→ **What you have to do**
Print the data below exactly, but only the lines from the one containing "Draped Waterfall Diamond" down to the one containing "WM STOCK PHOTO", inclusive.

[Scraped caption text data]
----

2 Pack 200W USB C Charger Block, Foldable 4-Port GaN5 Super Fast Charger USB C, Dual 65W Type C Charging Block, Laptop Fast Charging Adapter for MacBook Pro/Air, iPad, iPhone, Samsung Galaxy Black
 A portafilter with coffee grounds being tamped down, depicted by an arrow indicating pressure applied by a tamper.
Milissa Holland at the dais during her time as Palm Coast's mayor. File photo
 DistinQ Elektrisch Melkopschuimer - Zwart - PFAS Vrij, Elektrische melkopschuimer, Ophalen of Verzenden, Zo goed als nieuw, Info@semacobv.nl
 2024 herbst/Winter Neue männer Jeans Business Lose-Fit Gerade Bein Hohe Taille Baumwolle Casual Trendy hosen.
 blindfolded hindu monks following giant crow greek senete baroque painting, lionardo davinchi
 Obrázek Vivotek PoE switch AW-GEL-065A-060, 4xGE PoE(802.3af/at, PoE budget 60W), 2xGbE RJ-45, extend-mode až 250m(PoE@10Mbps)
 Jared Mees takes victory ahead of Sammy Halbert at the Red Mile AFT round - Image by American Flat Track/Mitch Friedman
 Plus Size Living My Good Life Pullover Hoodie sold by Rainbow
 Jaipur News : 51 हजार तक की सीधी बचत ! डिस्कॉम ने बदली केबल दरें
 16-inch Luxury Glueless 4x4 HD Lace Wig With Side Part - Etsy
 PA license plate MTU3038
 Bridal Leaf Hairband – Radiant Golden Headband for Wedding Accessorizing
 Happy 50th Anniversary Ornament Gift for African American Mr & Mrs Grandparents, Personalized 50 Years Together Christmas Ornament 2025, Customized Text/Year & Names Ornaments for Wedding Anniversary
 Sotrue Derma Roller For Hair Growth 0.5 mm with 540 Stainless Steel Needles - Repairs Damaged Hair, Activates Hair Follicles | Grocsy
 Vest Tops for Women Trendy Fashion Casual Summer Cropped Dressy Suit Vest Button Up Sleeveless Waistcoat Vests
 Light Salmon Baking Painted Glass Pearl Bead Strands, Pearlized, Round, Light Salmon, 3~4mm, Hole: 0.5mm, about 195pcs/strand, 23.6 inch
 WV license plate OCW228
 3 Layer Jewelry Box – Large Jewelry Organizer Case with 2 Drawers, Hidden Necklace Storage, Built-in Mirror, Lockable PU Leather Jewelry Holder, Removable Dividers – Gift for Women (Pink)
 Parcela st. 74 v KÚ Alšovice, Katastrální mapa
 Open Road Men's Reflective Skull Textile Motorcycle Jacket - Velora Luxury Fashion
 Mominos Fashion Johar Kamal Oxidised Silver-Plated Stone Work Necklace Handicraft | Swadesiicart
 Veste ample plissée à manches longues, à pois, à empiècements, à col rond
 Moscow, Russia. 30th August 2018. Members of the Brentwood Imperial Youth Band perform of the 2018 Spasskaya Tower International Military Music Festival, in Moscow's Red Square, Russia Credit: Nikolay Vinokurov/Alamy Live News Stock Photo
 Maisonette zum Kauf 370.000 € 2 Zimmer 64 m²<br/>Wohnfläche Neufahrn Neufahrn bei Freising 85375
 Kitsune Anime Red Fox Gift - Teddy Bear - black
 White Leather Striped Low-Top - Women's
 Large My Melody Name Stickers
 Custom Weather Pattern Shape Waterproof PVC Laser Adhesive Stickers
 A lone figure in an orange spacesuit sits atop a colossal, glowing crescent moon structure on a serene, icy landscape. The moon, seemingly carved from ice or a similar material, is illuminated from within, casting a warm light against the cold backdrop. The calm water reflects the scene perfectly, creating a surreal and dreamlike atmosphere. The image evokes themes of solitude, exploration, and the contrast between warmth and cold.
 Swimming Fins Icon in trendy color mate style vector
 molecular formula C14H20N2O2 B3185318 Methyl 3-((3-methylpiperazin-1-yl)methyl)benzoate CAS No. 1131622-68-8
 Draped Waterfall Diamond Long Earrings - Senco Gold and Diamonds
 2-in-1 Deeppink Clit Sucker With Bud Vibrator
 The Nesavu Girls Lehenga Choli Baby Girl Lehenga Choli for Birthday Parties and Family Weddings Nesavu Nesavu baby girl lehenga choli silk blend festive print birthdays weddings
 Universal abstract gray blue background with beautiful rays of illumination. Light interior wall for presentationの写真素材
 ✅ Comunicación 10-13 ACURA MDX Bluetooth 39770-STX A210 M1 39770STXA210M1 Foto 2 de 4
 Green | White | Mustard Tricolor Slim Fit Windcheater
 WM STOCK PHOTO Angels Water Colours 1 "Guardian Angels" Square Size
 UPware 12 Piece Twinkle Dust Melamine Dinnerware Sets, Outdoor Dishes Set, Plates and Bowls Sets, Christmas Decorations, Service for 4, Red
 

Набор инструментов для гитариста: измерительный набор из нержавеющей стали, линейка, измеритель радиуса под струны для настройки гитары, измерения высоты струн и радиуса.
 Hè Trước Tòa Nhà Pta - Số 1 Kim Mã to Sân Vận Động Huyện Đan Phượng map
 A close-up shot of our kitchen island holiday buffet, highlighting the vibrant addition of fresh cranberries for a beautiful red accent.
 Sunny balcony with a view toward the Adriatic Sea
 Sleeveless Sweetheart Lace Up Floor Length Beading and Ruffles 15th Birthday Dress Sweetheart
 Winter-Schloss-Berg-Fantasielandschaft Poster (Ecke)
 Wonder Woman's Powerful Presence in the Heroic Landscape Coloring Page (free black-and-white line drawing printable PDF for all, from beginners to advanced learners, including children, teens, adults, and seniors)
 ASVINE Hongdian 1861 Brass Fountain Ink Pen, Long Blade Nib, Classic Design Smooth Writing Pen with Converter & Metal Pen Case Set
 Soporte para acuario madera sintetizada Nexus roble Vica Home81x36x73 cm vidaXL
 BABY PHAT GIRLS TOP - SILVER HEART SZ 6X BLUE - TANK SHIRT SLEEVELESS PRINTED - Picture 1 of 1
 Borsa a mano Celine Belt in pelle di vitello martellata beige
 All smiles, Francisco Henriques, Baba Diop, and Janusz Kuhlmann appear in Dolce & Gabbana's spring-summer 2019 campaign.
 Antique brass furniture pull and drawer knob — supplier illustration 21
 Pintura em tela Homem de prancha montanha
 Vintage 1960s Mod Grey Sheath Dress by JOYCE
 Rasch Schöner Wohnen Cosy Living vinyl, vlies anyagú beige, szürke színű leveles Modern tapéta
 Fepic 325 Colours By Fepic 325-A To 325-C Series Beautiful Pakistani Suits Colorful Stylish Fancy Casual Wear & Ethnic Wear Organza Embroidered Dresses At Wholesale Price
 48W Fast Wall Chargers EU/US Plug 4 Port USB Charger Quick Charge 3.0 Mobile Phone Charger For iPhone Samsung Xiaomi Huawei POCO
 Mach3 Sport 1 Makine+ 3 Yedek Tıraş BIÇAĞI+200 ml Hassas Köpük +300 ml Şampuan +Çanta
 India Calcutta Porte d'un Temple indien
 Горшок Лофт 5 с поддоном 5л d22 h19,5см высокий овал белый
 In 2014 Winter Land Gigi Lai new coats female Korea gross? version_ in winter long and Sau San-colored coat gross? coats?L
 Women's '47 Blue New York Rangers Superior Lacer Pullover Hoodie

----

→ **Answer area**
 Draped Waterfall Diamond Long Earrings - Senco Gold and Diamonds
 2-in-1 Deeppink Clit Sucker With Bud Vibrator
 The Nesavu Girls Lehenga Choli Baby Girl Lehenga Choli for Birthday Parties and Family Weddings Nesavu Nesavu baby girl lehenga choli silk blend festive print birthdays weddings
 Universal abstract gray blue background with beautiful rays of illumination. Light interior wall for presentationの写真素材
 ✅ Comunicación 10-13 ACURA MDX Bluetooth 39770-STX A210 M1 39770STXA210M1 Foto 2 de 4
 Green | White | Mustard Tricolor Slim Fit Windcheater
 WM STOCK PHOTO Angels Water Colours 1 "Guardian Angels" Square Size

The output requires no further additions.